Geleidelijke afkoeling
Met het 3D-metaalprinten van matrijsdelen hoopt Moba een aantal voordelen te realiseren. ‘Allereerst een hogere vorm- en maatnauwkeurigheid van onze kunststof producten en daarnaast een kortere koeltijd, met een groter proces window bij het spuitgieten. Als je de temperatuur en de snelheid van de flow kunt regelen en zo bij 60 in plaats van 50 graden Celsius kunt koelen, dan krijg je minder spanning in het kunststof deel vanwege de meer geleidelijke afkoeling. Hiermee heb je minder kans op vervorming’, stelt Hans Ruijs, senior engineer plastics. ‘De machines die wij maken voor onze klanten, kunnen duizenden kunststof onderdelen bevatten. Dan is het essentieel dat die onderdelen zo veel mogelijk vorm- en slijtvast zijn. Kwaliteit staat voorop, want uitval in het veld is een verstoring voor onze klant en betekent een grote kostenpost.’
Harde meting
Omdat Moba het gehele traject van productontwikkeling, matrijzenbouwen en spuitgieten in eigen huis doet, is de businesscase makkelijker te maken. De bijkomende kosten voor de integratie van 3D-metaalprinten verwacht het bedrijf terug te verdienen met de voordelen in het spuitgietproces. ‘Ons doel is de beste eierverwerkende machine voor onze klanten. Nu ziet het ernaar uit dat we aan het eind kosten besparen bij een hogere kwaliteit kunststof product’, aldus Van de Fliert. Eind mei was het tijd voor een harde meting: een test met een proefmatrijs met meerdere inzetblokken, waarbij het spuitgietproces met een standaard koelkanaal werd afgezet tegen het proces met een 3D-metaalgeprint koelkanaal. ‘Moba werkt in totaal met 1.780 matrijzen waarmee 2.000 verschillende artikelen gemaakt worden. Dé grote uitdaging is de koeling en de vraag was of complexere koeling die mogelijk gemaakt wordt door 3D-metaalprinten het verschil kan maken en ons helpt de beoogde voordelen te realiseren.’
Gelijke randvoorwaarden
De randvoorwaarden werden in beide gevallen zo veel mogelijk gelijk gehouden.
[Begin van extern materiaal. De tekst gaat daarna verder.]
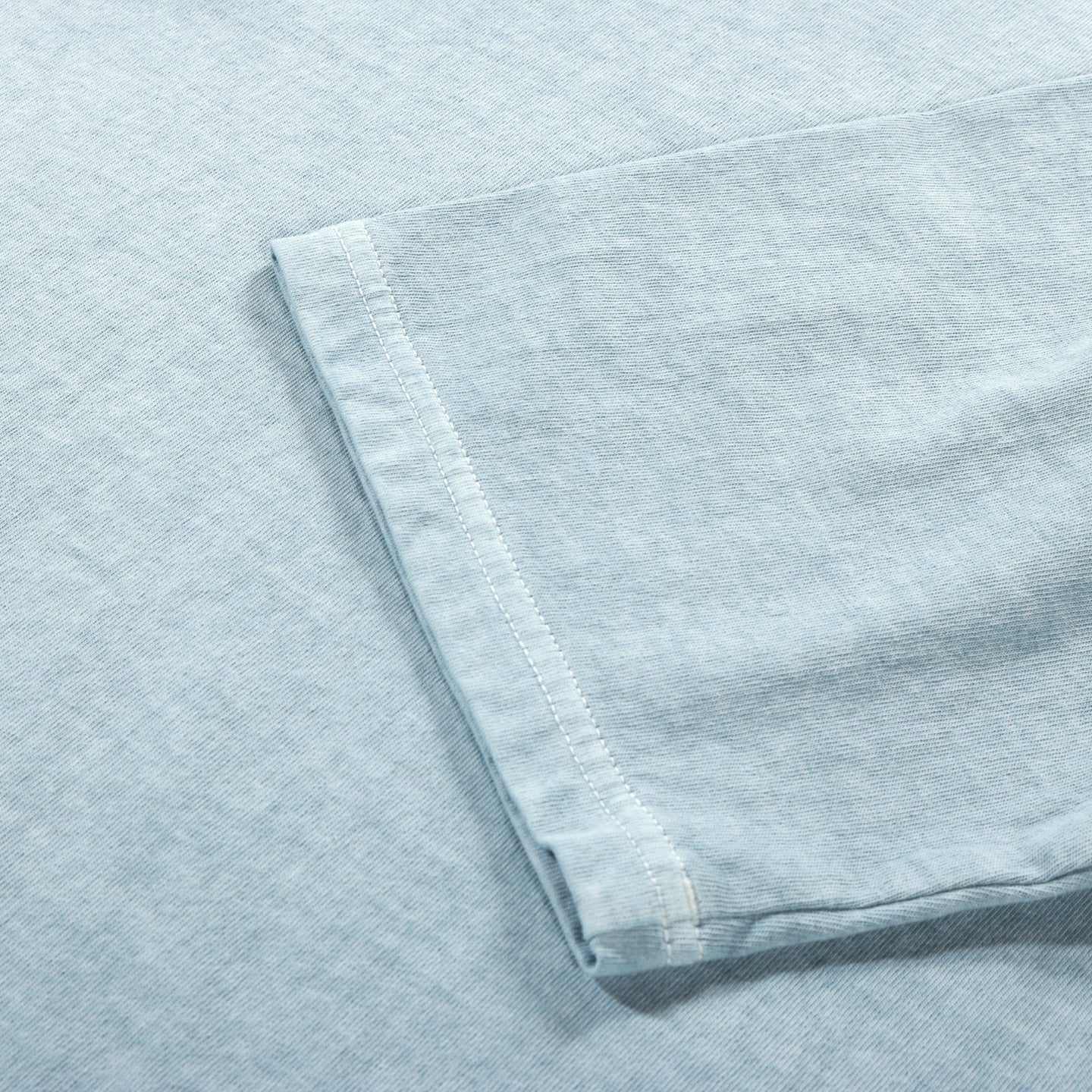 JACKMAN LEAD-OFF T-SHIRT FADE SAXE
Alleen had de reeds geproduceerde matrijs met standaard koelkanalen een diameter van 8 millimeter tegen 6 millimeter bij de 3D-metaalgeprinte inzetstukken. Er werd getest met diverse koeltemperaturen. ‘Uiteraard realiseerden we dat de waterflow kleiner zou zijn door de vele bochten en de kleinere kanaaldiameters. Ondanks deze geringere flow koelde het geprinte koelkanaal over de hele linie toch beter, waardoor de cyclustijd met 30 procent kon worden bekort’, stelt Ruijs. ‘Dat leverde een aantal leerpunten op: het kanaalontwerp moet zo min mogelijk bochten en een grote diameter hebben, en de lengte van de koelleidingen moet zo gering mogelijk zijn. Voor een optimale koeling moeten we dus op zoek naar het juiste evenwicht tussen lengte, diameter en flow. Dan kunnen we de cyclustijd wellicht nog verder verkorten.’
Voorspelbare matrijs
Het feit dat het koelkanaal zich op slechts 2 millimeter van het product bevindt, leidde vooraf bij Moba tot de angst dat bij het inspuiten van de kunststof het kanaal het zou begeven. ‘Daarom hebben we de matrijs onderworpen aan een test met 900 bar en die is glansrijk doorstaan’, aldus Hoek van Dijke. Een uitdaging die in de toekomst getackeld moet worden, is het feit dat producten verschillen qua wanddikte, wat betekent dat per product een koelingsoptimum bepaald moet worden. ‘Dat betekent dat we een voorspelbare matrijs moeten hebben, waarbij je precies weet welk effect het koelen heeft op het product. Door alle technologische ontwikkelingen, waaronder 3D-metaalprinten, worden matrijzen bovendien steeds complexer, daar is voor mensen niet meer aan te rekenen’, zegt Van de Fliert. ‘Met behulp van het simulatieprogramma Moldex kunnen we het gehele spuitgietproces simuleren en vroegtijdig potentiële problemen herkennen. Problemen die we eventueel kunnen oplossen met 3D-metaalprinten. Die 3D-metaalprinttechnologie is echt een enorme stap voorwaarts voor onze innovatieve spuitgietproducten.’